Quadratic performance of the `ListMerger` in specific use case

Nickolas_Pohilets · January 13, 2024, 9:17pm

This is what I've got - Fix quadratic performance of the `ListMerger` in specific usage pattern by nickolas-pohilets · Pull Request #70910 · apple/swift · GitHub

In this example, number of tasks is determined by the tree structure. Tasks are queued on the actor or global executor. Since tasks are executed in FIFO order, tree is visited in breadth-first order. So size of the queue is determined by the dynamics of breadth-first traversal.

In some cases, tasks can be suboptimal as a queue entry. E.g. I see that flagAsAndEnqueueOnExecutor calls _swift_task_alloc_specific triggering allocation of the first slab before task starts executing. This probably can be optimised.
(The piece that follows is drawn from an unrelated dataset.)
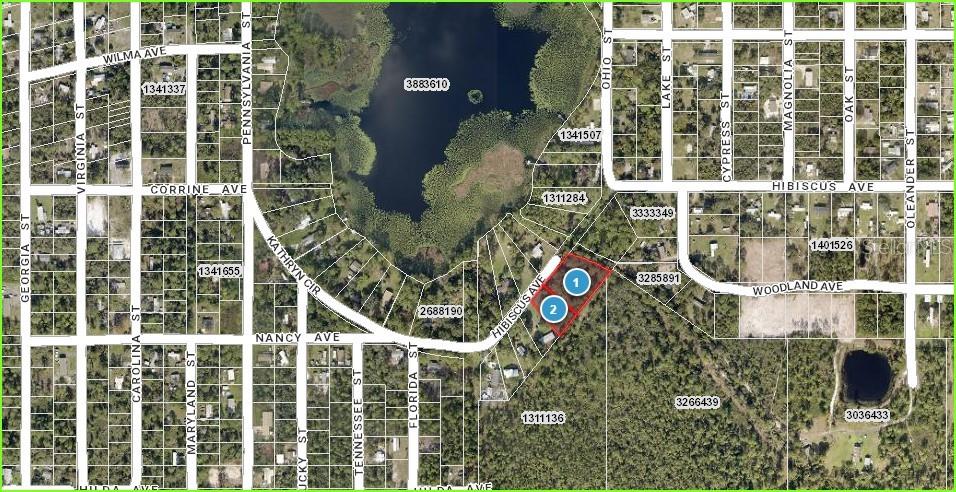 HIBISCUS AVE, PAISLEY, FL, 32767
But once task starts execution, it may be suspended. And I expect this to be pretty common for async deinit. Suspended tasks cannot be reused and must be kept in memory. If we artificially limit number of concurrent tasks available for async deinit, then we would be underutilising hardware resources, because of the suspended tasks.
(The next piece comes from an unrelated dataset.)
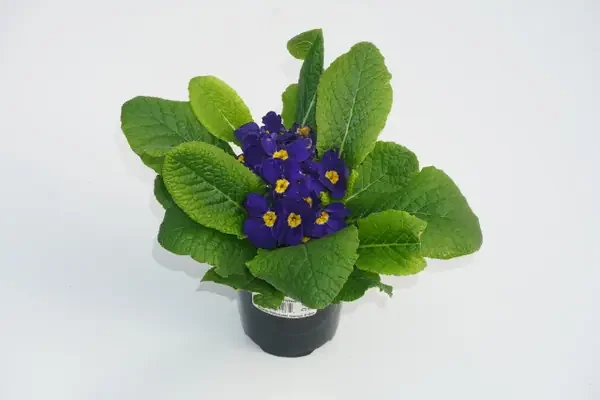 4″ PRIMULA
And what should happen when execution reaches a point where an object with async deinit needs be to destructed, but new task cannot be started? Should we create and enqueue some kind of task-launcher-job? Assuming that we can avoid creating task allocator until task actually starts executing, I think such job would be not much different from the task itself. I think it is better to invest into making non-started task as cheap as possible.